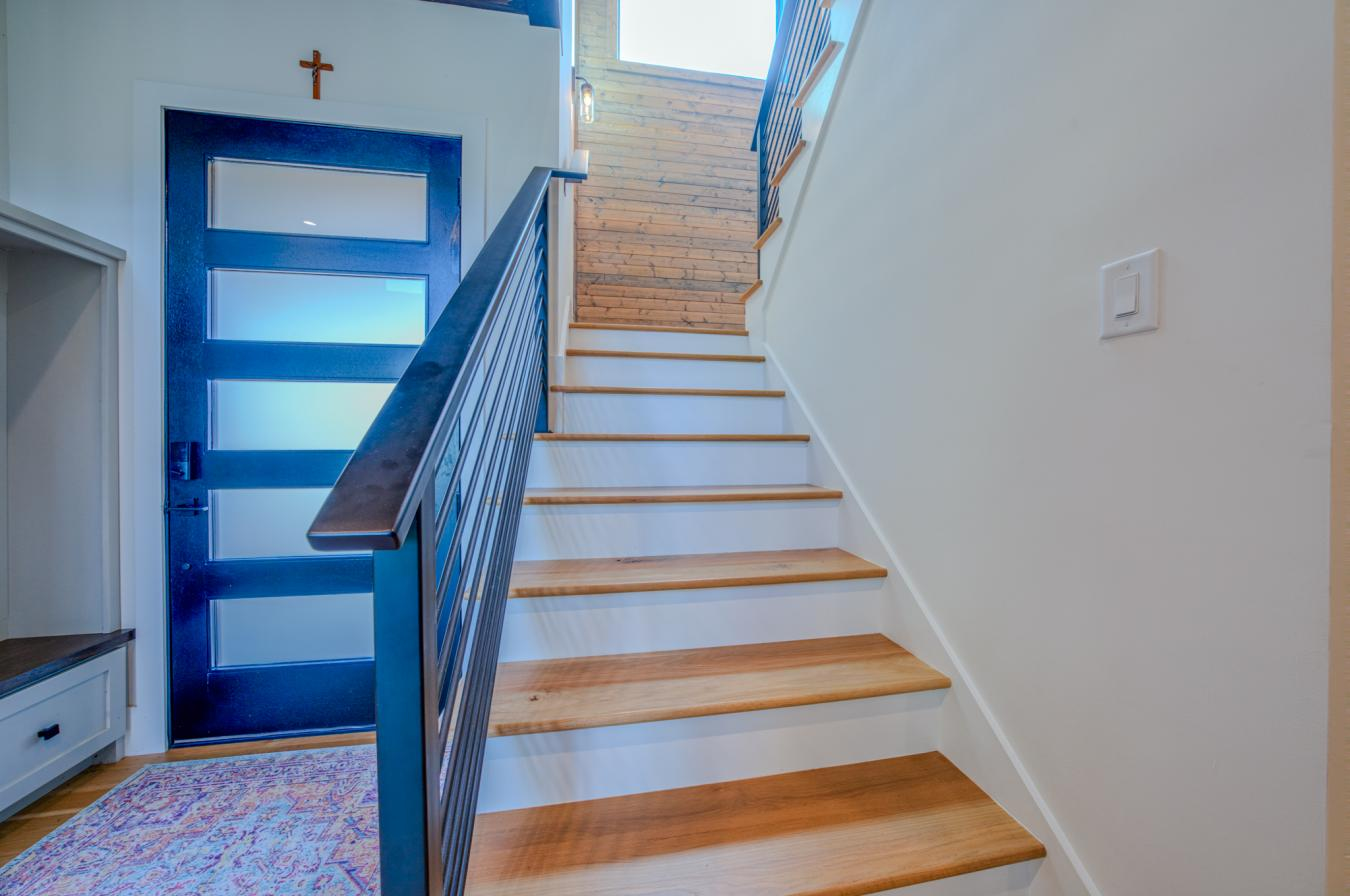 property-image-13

---

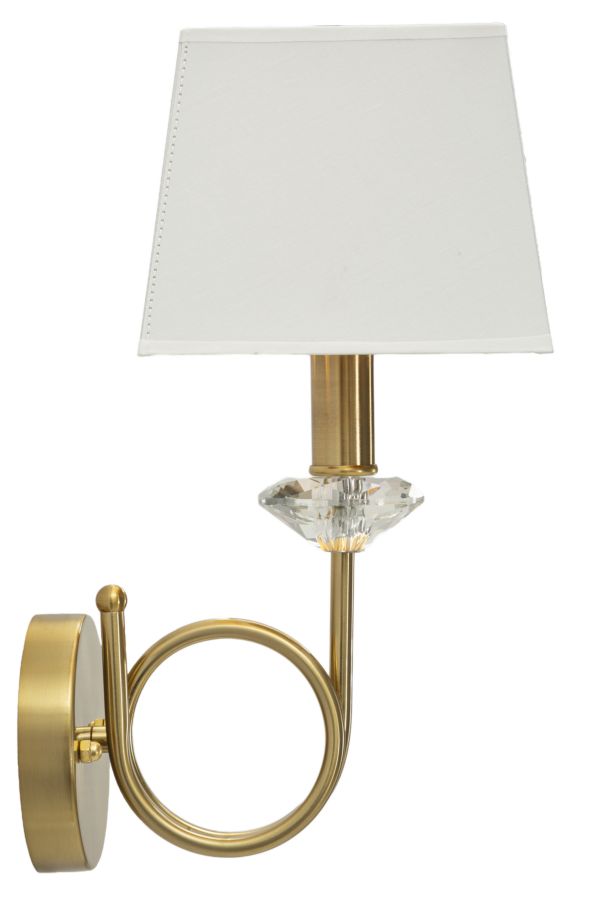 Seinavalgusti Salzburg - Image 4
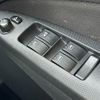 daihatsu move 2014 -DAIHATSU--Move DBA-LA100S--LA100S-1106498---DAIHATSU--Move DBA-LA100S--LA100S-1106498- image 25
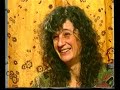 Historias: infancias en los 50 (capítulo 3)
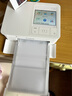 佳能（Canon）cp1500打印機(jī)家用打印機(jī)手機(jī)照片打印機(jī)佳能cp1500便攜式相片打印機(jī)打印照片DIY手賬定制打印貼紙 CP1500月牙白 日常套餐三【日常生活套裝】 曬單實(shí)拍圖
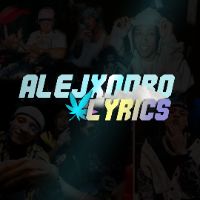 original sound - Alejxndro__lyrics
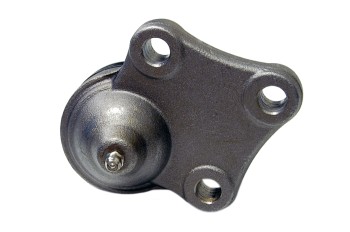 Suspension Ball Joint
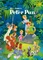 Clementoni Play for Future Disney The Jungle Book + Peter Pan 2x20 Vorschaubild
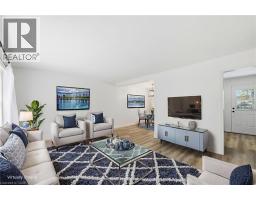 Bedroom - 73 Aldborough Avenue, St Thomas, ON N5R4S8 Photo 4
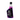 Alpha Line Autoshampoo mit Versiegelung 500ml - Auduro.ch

What you will do ::
In the material above, one part opens with the line containing "daihatsu move 2014" and closes with the line containing "Alpha Line Autoshampoo". Write out that part exactly and skip its pictures.

Response box ::
 daihatsu move 2014 -DAIHATSU--Move DBA-LA100S--LA100S-1106498---DAIHATSU--Move DBA-LA100S--LA100S-1106498- image 25
 Historias: infancias en los 50 (capítulo 3)
 佳能（Canon）cp1500打印機(jī)家用打印機(jī)手機(jī)照片打印機(jī)佳能cp1500便攜式相片打印機(jī)打印照片DIY手賬定制打印貼紙 CP1500月牙白 日常套餐三【日常生活套裝】 曬單實(shí)拍圖
 original sound - Alejxndro__lyrics
 Suspension Ball Joint
 Clementoni Play for Future Disney The Jungle Book + Peter Pan 2x20 Vorschaubild
 Bedroom - 73 Aldborough Avenue, St Thomas, ON N5R4S8 Photo 4
 Alpha Line Autoshampoo mit Versiegelung 500ml - Auduro.ch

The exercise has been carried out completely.